Frankly, I was a bit surprised at these results—not that the non-portable version was faster (that's almost a given) but the magnitude of the results. I didn't think the standard C library had that much overhead. I was expecting easily a percentage increase in speed, but even twice would have been unexpected, but ten times faster?
Increasing the size of the buffer past what I have probably won't help all that much, and in fact, when I doubled the buffer size:
[spc]lucy:~/projects/99/src>time ./22 ~/bin/firefox/ >/dev/null real 0m0.592s user 0m0.582s sys 0m0.010s
The timing difference could be due to cache effects, maybe?
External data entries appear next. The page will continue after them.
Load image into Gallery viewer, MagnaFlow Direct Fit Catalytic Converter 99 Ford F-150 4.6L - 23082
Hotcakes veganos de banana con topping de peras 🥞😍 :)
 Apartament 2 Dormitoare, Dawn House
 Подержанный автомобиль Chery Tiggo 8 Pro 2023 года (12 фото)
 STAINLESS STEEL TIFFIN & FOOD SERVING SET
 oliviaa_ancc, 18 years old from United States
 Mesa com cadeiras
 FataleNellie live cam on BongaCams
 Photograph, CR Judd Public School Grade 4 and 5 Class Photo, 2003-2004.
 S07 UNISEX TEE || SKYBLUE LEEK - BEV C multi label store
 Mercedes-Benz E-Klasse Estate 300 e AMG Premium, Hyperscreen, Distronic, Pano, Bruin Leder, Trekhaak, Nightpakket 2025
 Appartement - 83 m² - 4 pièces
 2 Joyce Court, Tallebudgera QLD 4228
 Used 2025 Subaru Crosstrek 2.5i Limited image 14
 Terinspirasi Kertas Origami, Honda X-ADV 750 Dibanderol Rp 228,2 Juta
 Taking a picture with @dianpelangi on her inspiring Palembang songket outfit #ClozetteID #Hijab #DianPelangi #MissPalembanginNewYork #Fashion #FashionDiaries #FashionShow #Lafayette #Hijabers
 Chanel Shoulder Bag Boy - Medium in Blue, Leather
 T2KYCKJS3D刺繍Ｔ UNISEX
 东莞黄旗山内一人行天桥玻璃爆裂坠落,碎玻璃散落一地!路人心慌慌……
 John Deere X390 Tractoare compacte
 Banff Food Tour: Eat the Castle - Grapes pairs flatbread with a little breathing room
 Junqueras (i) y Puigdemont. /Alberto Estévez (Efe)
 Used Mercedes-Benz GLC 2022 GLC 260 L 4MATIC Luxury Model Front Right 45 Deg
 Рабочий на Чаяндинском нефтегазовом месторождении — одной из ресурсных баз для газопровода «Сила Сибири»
So I think we've maxed out the speed at which this program will run. As a test, I profiled the code to see if there was anything I migh have missed:
Each sample counts as 0.01 seconds. % cumulative self self total time seconds seconds calls ms/call ms/call name 100.21 0.41 0.41 1 410.86 410.86 do_dump 0.00 0.41 0.00 9197 0.00 0.00 mywrite
I checked the code GCC produced (all code was compiled
with -O3
, a very high level of optimization) and well, I'm not
sure I could have done much better, and probably would have done worse—GCC
inlined everything into do_dump()
(with the exception
of main()
and mywrite()
), something I would
not have done in assembly (and have any hope of code reuse for
another project). So I think we're done with making this code fast.
That's not to say I won't do an assembly version of this program, but it probably won't be for the x86 line.